This is illustrated in FIG. 11 by the left eye's x coordinate being
incremented by two inches. This difference between the right eye's
x value and the left eye's x+2" is what provides the two-inch
separation between the eyes, which is required for stereoscopic 3D
viewing. The distances between people's eyes vaty but in the above
example we are using the average of 2 inches. It is also possible
for the view to supply the horizontal perspective display with
their personal eye separation value. This would make the x value
for the left and right eyes highly accurate for a given viewer and
thereby improve the quality of their stereoscopic 3D view.
[0064] Once the horizontal perspective display has incremented the
Angled Camera point's x coordinate by two inches, or by the
personal eye separation value supplied by the viewer, the rendering
continues by displaying the second (left-eye) view.
[0065] Depending on the stereoscopic 3D viewing device used, the
horizontal perspective display continues to display the left- and
right-eye images, as described above, until it needs to move to the
next display time period. An example of when this may occur is if
the bear cub moves his paw or any part of his body. Then a new and
second Simulated Image would be required to show the bear cub in
its new position. This new Simulated Image of the bear cub, in a
slightly different location, gets rendered during a new display
time period. This process of generating multiple views via the
nonstop incrementing of display time continues as long as the
horizontal perspective display is generating real-time simulations
in stereoscopic 3D.
[0066] By rapidly display the horizontal perspective images, three
dimensional illusion of motion can be realized. Typically, 30 to 60
images per second would be adequate for the eye to perceive motion.
For stereocopy, the same display rate is needed for superimposed
images, and twice that amount would be needed for time sequential
method.
[0067] The display rate is the number of images per second that the
display uses to completely generate and display one image. This is
similar to a movie projector where 24 times a second it displays an
image. Therefore, {fraction (1/24)} of a second is required for one
image to be displayed by the projector. But the display time could
be a variable, meaning that depending on the complexity of the view
volumes it could take {fraction (1/12)} or 1/2 a second for the
computer to complete just one display image. Since the display was
generating a separate left and right eye view of the same image,
the total display time is twice the display time for one eye
image.
[0068] The present invention further discloses a Multi-Plane
display comprising a horizontal perspective display together with a
non-horizontal central perspective display. FIG. 12 illustrates an
example of the present invention Multi-Plane display in which the
Multi-Plane display is a computer monitor that is approximately "L"
shaped when open. The end-user views the L-shaped computer monitor
from its concave side and at approximately a 45.degree. angle to
the bottom of the "L," as shown in FIG. 12. From the end-user's
point of view the entire L-shaped computer monitor appears as one
single and seamless viewing surface. The bottom L of the display,
positioned horizontally, shows horizontal perspective image, and
the other branch of the L display shows central perspective image.

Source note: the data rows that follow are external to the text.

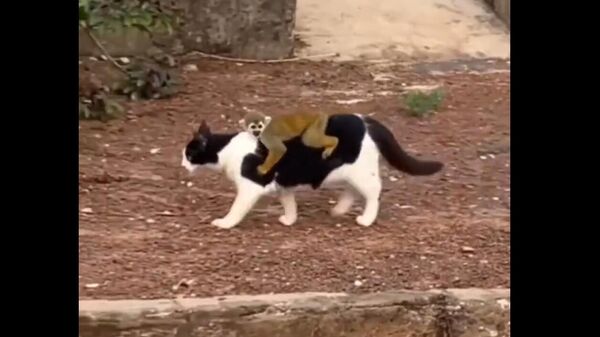 A cat gives a ride to a monkey - Sputnik International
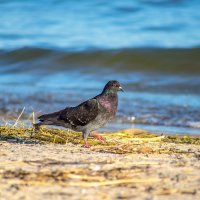 Птица "мира" на пляжу :: Сергей Гибков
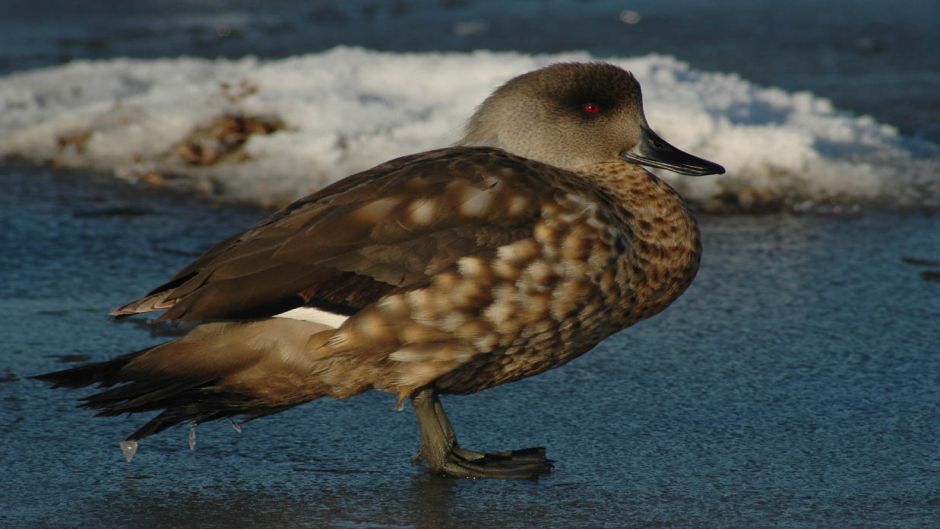 Pato Juarjal, Guia de Fauna. RutaChile.   - BOLIVIA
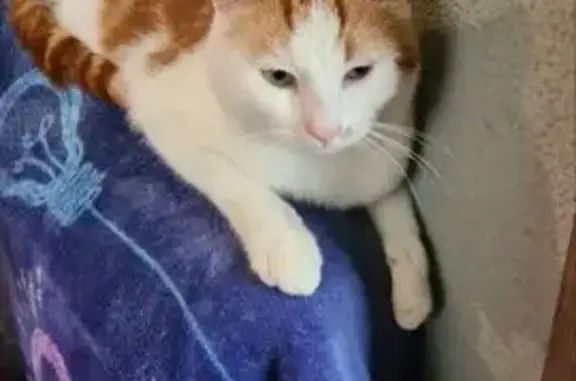 Chat roux et blanc trouvé - photo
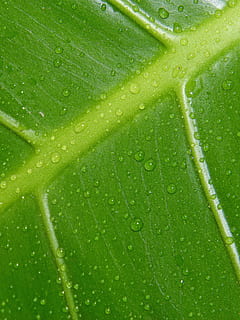 blad, dråber, grøn, fugtighed, grøn farve, baggrunde, dråbe, friskhed, plante del, tæt på, våd, fuld ramme, vand, plante, ingen mennesker, natur, skønhed i naturen, mad og drikke, mønster, makro, regn, udendørs, dug, renhed, regndråbe, 2K, CC0, offentligt domæne, royaltyfrie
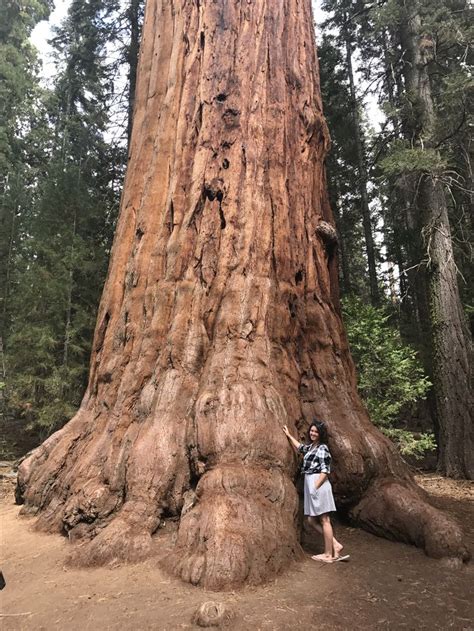 Giant Sequoia National Park, California | Sherman tree, Sequoia tree, Tree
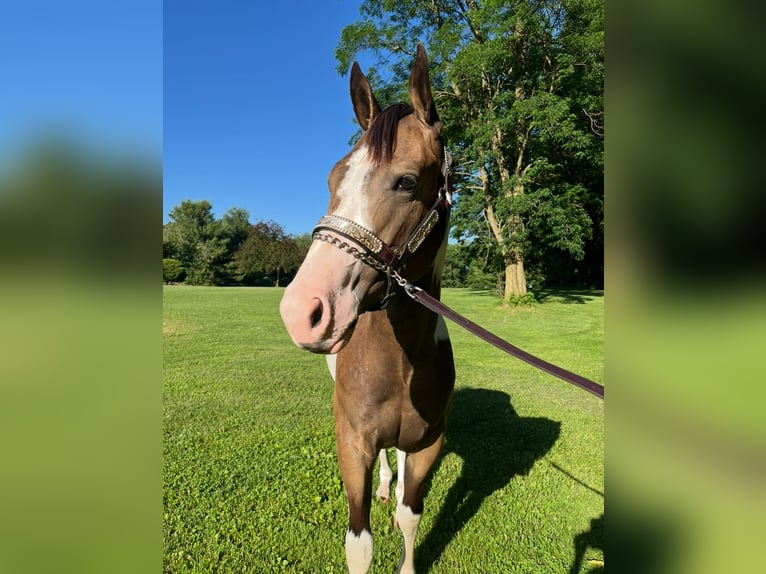American Paint Horse Wallach 3 Jahre Tobiano-alle-Farben in Jackson MI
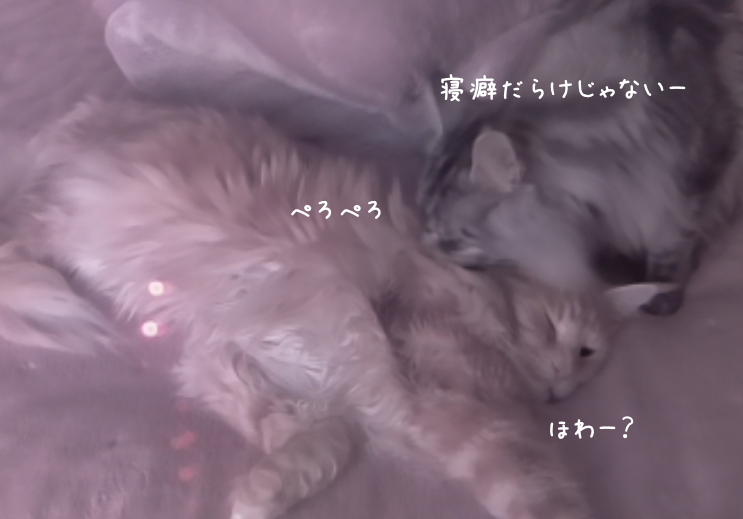 f:id:chikojirou:20190401212842p:plain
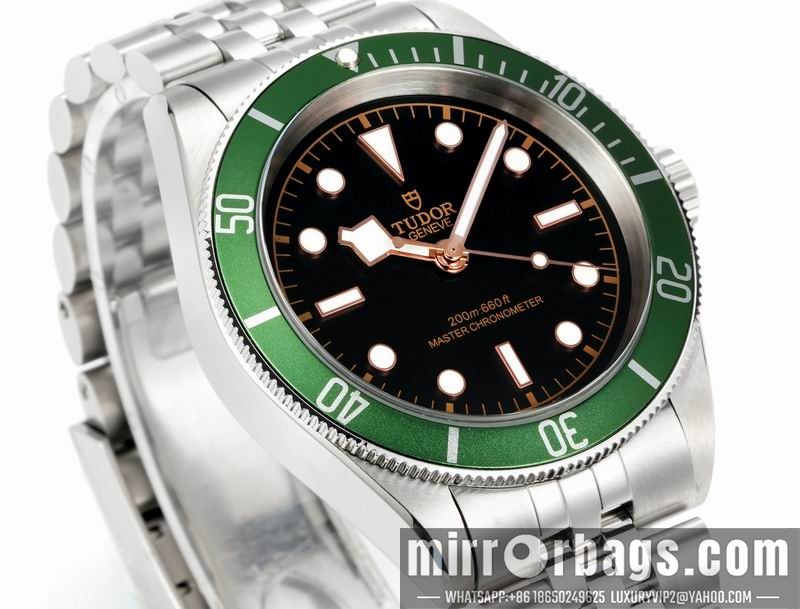 Tudor 41mm 080415 Watch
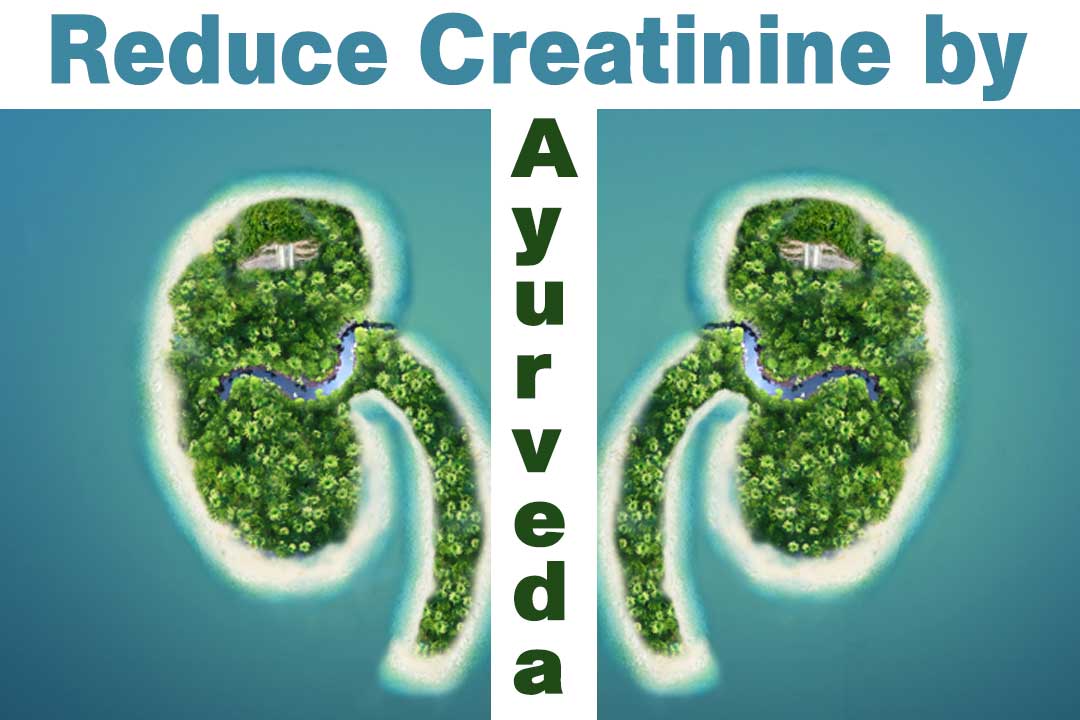 reduce creatinine by Ayurveda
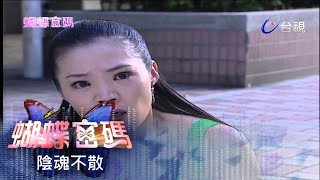 蝴蝶密碼 第 44 集 陰魂不散 Butterfly Cipher EP44 [upl. by Nylecoj]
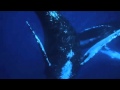 Peter Kater - Whale Song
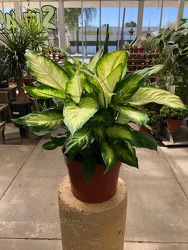 Dieffenbachia Camille from Visser's Florist and Greenhouses in Anaheim, CA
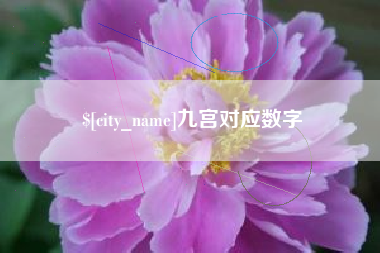 温县九宫对应数字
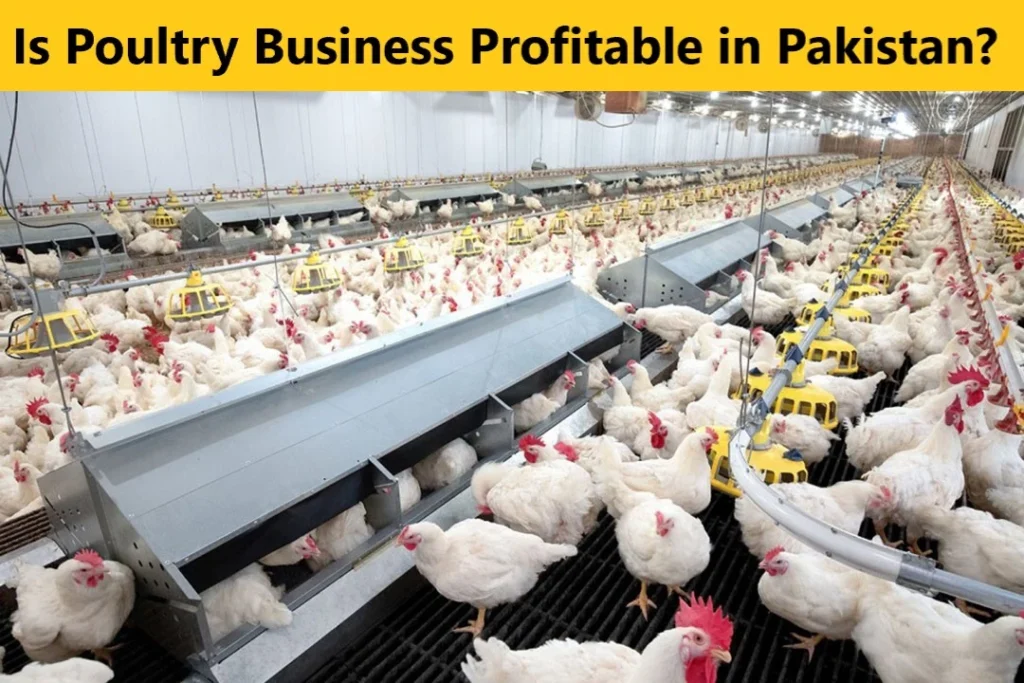 Is Poultry Business Profitable in Pakistan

The edge is the two display segments is preferably smoothly joined
and can also having a curvilinear projection to connect the two
displays of horizontal perspective and central perspective.
[0069] The Multi-Plane display can be made with one or more
physical viewing surfaces. For example, the vertical leg of the "L"
can be one physical viewing surface, such as flat panel display,
and the horizontal leg of the "L" can be a separate flat panel
display. The edge of the two display segments can be a non-display
segment and therefore the two viewing surface are not continuous.
Each leg of a Multi-Plane display is called a viewing plane and as
you can see in the upper left of FIG. 25 there is a vertical
viewing plane and a horizontal viewing plane where a central
perspective image is generated on the vertical plane and a
horizontal perspective image is generated on the horizontal plane,
and then blend the two images where the planes meet, as illustrated
in the lower right of FIG. 12.
[0070] FIG. 12 also illustrates that a Multi-Plane display is
capable of generating multiple views. Meaning that it can display
single-view images, i.e. a one-eye perspective like the simulation
in the upper left, and/or multi-view images, i.e. separate right
and left eye views like the simulation in the lower right. And when
the L-shaped computer monitor is not being used by the end-user it
can be closed and look like the simulation in the lower left.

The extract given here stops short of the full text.